» **Problem**
The expected output is an exact copy of the lines from the one containing "Trauernde nehmen am" to the final line below, minus any pictures.

» **Data to process**

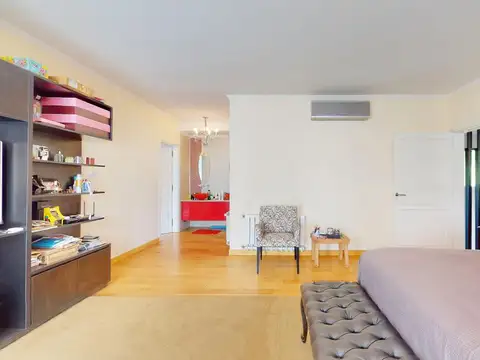 Casa en Venta con 4 cocheras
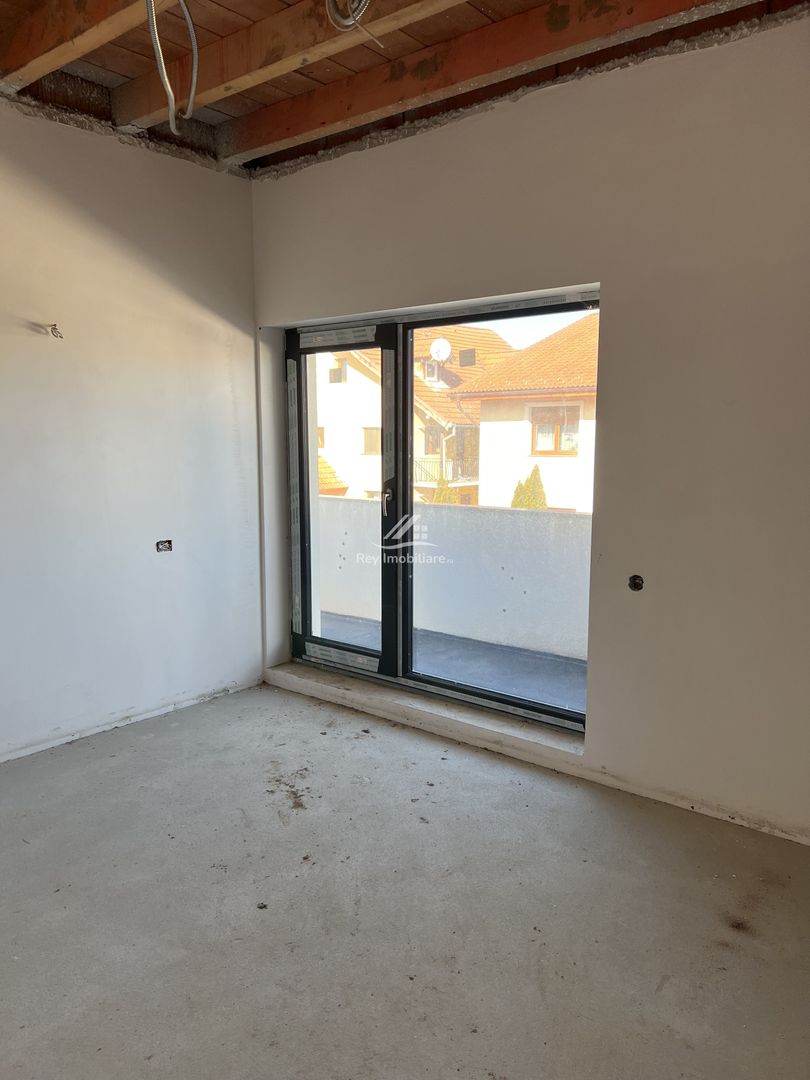 Casă construcție de Lux de vânzare în Șelimbar zonă bună - Poză 16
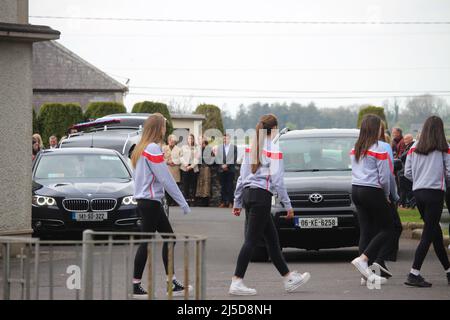 Trauernde nehmen am Freitag an der Beerdigung des jungen GAA-Camogiespielers im Co Galway Teil. Kate Moran, 20, aus dem Dorf Monivea, wurde am Montag beim Spielen für den Arenry Camogie Club tödlich verletzt und starb am Dienstag im Krankenhaus. Stockfoto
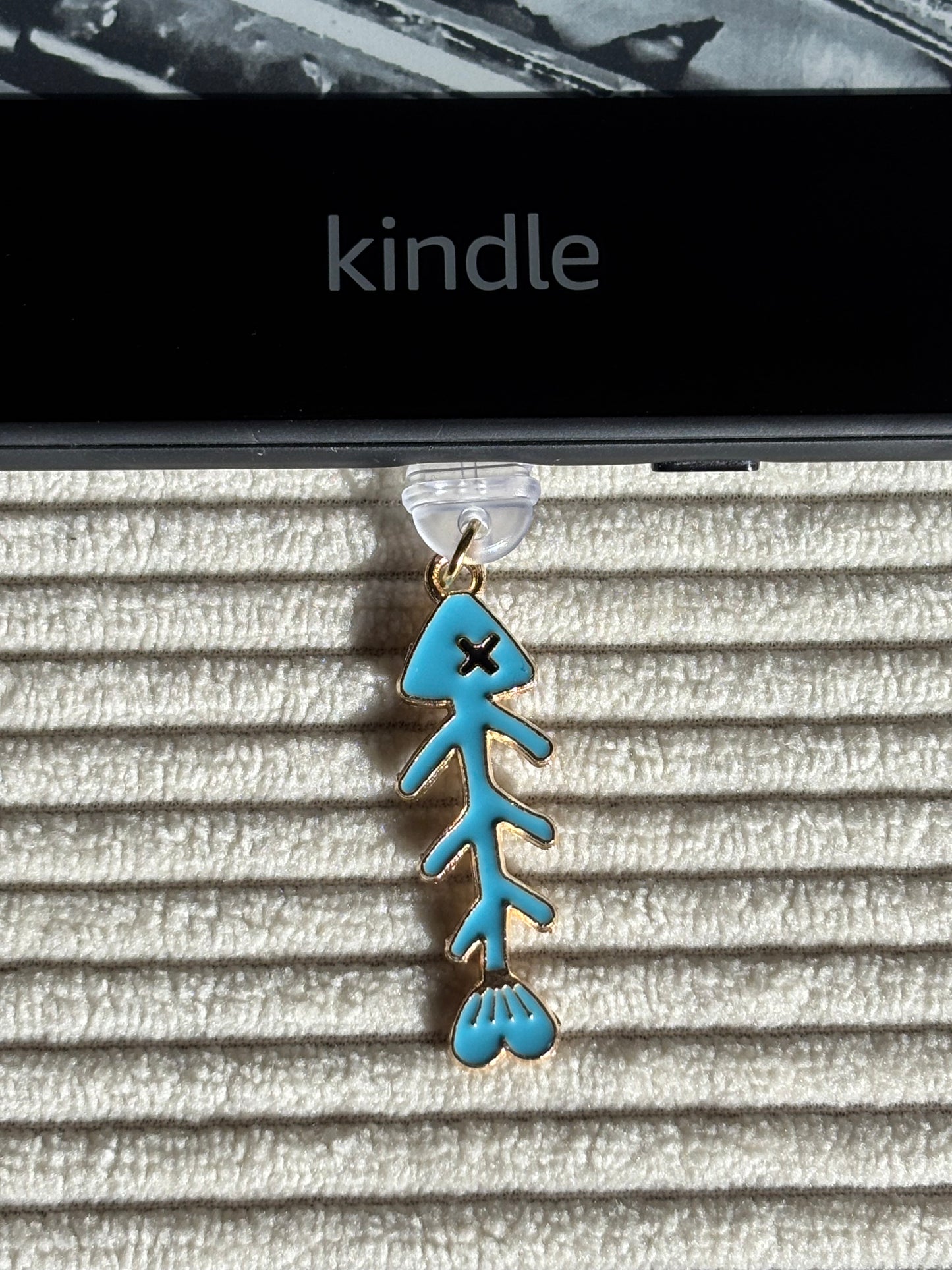 Charm anti-poussière USB-C - Squelette de poisson bleu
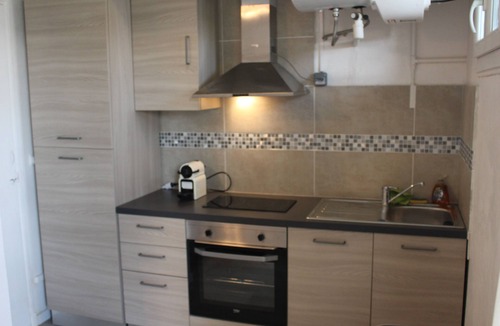 La Belle de Mai Apartment | Appartement Rouge, Bienvenus à la Belle de Mai !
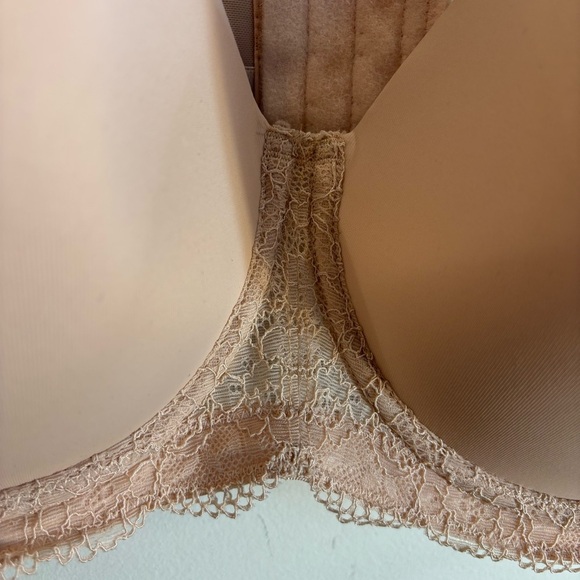 DEESSE Sz 44D Padded Underwire Baconette Style Lace Trimmed Bra in Beige NEW - Picture 2 of 9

» **Response to the task**
 Trauernde nehmen am Freitag an der Beerdigung des jungen GAA-Camogiespielers im Co Galway Teil. Kate Moran, 20, aus dem Dorf Monivea, wurde am Montag beim Spielen für den Arenry Camogie Club tödlich verletzt und starb am Dienstag im Krankenhaus. Stockfoto
 Charm anti-poussière USB-C - Squelette de poisson bleu
 La Belle de Mai Apartment | Appartement Rouge, Bienvenus à la Belle de Mai !
 DEESSE Sz 44D Padded Underwire Baconette Style Lace Trimmed Bra in Beige NEW - Picture 2 of 9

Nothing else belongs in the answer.